Ora sabe-se que nas origens desta escola cartográfica está sobretudo um piloto português, João Afonso, que se pôs ao serviço da França onde veio a ser conhecido por Jean Alphonse de Saintonge, por ter desposado uma mulher oriunda dessa região. Nas suas obras, Les Voyages Aventureux e La Cosmographie avec l'Espère, João Afonso insiste tenazmente sobre a existência de terras emersas ao sul de Java e na sua continentalidade, gabando-se, não sabemos se com razão, de as ter pessoalmente visitado.
Tem-se aventado que essa representação constante nas cartas de Dieppe, de onde passou mais tarde a mapas impressos, seria uma mera reminiscência da cartografia ptolomaica. Há contudo que notar que nem a toponímia dessa terra austral corresponde à de Ptolomeu, antes parecendo de origem descritiva e por conseguinte experimental, nem porque motivo essa terra emersa não aparece ainda na primeira fase da cartografia diepesa, mas apenas na segunda, fundida com o que corresponde à Antártida numa massa continental única, como a da geografia de Ptolomeu. E ainda que o fosse, caberia perguntar porque motivo apenas aparecem terras emersas aproximadamente na zona em que efetivamente as há, e não por exempo, a meio do Índico ou do Pacífico.
6 junho, 17h
Angelo Cattaneo, Três percursos narrativos na História da cartografia: algumas notas sobre Fra Mauro; um Ptolomeu veneziano esquecido; os biombos cartográficos japoneses
Esta conferência aborda três percursos que se relacionam com as funções do pensamento e do desenho cartográfico entre os séculos XV e XVI.

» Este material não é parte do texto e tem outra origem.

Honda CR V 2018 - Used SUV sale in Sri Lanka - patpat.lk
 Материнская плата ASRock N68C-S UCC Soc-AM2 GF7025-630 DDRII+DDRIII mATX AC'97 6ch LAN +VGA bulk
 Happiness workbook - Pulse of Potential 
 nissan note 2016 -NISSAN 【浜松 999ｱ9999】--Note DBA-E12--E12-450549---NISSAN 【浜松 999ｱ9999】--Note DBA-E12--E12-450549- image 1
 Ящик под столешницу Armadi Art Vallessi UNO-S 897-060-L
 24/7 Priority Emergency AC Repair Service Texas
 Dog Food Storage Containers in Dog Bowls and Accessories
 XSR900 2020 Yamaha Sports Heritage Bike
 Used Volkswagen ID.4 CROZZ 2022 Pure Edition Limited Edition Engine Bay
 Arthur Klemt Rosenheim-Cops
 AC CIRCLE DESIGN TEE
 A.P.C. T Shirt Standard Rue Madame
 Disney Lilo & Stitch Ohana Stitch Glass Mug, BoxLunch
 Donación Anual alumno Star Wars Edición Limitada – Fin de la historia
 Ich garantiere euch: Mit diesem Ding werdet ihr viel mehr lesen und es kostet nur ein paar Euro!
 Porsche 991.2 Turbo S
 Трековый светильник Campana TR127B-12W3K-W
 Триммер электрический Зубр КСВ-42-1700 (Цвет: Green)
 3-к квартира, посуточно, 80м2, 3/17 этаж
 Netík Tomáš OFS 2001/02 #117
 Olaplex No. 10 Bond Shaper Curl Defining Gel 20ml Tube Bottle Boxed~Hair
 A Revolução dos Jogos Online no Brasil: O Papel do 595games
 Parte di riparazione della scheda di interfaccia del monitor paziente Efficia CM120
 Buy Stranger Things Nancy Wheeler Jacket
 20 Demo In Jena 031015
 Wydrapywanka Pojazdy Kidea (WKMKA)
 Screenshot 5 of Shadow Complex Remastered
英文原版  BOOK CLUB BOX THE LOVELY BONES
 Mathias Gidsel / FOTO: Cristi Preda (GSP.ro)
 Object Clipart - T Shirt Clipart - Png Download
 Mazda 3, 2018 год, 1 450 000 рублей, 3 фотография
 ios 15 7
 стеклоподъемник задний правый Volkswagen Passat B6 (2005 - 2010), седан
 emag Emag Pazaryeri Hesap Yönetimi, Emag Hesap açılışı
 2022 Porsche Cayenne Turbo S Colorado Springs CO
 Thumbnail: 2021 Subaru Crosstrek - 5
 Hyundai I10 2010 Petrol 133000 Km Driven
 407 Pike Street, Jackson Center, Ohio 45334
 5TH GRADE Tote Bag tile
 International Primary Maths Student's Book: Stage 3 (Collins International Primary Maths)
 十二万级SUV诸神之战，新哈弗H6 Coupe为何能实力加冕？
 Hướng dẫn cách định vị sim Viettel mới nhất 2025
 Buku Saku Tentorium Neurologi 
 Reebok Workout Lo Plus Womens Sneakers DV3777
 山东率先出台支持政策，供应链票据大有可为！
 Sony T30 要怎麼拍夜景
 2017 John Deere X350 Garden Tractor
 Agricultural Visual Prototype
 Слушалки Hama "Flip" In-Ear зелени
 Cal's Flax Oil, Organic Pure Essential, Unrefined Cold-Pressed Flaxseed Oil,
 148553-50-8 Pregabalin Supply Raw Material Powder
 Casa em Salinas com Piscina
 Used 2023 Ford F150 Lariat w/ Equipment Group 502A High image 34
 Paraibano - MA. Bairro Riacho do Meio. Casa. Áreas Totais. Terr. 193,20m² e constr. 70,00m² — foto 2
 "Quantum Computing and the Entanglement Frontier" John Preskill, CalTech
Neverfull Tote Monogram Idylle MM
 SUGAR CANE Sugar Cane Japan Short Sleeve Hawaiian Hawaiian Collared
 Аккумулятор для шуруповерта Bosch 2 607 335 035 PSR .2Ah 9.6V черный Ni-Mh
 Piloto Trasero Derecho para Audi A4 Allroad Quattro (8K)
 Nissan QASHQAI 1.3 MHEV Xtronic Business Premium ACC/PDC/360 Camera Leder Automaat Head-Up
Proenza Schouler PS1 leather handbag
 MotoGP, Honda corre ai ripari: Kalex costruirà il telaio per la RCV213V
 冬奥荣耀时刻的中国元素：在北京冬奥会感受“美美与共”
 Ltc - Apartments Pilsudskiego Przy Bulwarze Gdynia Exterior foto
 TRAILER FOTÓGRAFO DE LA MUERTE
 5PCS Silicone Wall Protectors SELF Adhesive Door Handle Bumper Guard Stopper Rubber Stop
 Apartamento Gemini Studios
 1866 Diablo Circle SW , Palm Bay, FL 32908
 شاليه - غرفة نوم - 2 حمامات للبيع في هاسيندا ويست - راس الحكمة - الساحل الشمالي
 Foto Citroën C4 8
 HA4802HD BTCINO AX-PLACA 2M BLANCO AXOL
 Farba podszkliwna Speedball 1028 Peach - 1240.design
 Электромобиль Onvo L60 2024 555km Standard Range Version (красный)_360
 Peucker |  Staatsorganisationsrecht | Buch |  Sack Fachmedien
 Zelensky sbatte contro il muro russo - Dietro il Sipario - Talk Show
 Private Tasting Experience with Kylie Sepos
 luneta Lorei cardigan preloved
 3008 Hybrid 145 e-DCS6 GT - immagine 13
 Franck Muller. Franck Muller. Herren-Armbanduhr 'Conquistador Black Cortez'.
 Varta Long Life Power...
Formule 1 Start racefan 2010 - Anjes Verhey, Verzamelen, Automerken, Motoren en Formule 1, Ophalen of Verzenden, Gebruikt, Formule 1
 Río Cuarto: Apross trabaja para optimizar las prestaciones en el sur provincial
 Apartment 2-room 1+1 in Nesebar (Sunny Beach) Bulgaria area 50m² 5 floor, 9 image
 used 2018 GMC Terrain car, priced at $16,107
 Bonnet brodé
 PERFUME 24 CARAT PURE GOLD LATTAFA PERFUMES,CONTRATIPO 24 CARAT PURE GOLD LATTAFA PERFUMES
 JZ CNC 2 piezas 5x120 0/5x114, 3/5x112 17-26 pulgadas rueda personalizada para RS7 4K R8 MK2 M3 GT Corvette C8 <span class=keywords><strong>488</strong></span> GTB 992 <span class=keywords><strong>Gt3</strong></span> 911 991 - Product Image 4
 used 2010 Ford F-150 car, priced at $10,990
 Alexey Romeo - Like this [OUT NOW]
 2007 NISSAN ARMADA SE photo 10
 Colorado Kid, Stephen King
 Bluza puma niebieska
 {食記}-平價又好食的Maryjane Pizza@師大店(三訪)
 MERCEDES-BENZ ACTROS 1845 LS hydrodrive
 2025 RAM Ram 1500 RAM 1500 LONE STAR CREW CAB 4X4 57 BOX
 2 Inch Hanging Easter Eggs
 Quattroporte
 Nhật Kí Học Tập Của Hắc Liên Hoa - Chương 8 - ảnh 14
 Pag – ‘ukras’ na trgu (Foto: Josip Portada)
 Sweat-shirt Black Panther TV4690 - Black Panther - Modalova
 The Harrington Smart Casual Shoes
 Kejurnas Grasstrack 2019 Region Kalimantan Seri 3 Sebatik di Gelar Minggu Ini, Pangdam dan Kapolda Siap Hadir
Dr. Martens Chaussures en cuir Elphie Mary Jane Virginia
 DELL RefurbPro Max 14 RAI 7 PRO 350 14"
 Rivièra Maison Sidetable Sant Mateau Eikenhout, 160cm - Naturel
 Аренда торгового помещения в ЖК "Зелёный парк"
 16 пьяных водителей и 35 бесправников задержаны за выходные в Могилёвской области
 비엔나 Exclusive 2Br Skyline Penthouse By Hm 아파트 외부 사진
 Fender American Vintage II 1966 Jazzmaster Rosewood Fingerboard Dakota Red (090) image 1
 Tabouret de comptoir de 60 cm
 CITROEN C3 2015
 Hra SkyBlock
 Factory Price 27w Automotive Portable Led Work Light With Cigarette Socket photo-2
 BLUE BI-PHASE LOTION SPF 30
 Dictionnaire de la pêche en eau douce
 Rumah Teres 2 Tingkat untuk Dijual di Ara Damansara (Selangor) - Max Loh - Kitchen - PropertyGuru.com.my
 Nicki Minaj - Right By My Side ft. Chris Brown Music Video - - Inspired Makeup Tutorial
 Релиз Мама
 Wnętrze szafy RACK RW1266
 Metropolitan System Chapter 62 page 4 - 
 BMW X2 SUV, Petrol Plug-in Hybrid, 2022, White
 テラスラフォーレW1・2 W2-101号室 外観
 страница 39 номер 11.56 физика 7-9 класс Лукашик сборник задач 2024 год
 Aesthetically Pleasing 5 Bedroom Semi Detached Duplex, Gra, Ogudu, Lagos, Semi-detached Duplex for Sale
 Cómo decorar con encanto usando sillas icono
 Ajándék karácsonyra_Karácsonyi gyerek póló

Um primeiro percurso centra-se no mapa-mundo de Fra Mauro e fundamenta-se na ideia da cosmografia como representação de um projecto sobre o mundo e não enquanto representação do mundo propriamente dito. Também o tema da autoria cartográfica será objecto de uma questão: quando é que o mapa-mundo de Fra Mauro foi assim designado?
Um segundo percurso toma como centro de reflexão o estudo de um códice esquecido datado da segunda metade de Quatrocentos, que transmite e reelabora em veneziano vulgar a Geografia de Ptolomeu. Por via da análise do código, a Geografia ptolemaica surge como tecnologia de construção de um espaço gráfico de representação normalizado, no qual se pode desenvolver e controlar a dialéctica "universal / particular", independentemente dos conteúdos geográficos, como demonstram a “cosmografia anatómica” de Leonardo da Vinci.
O terceiro percurso incide no estudo de uma selecção de biombos cartográficos japoneses, e iremos analisar a circulação e a transformação das formas cartográficas no Japão do dito "século nanban",em contraponto com o discurso eurocêntrico e da utilização de termos e conceitos como "Europa/Ásia", Império e Padroado.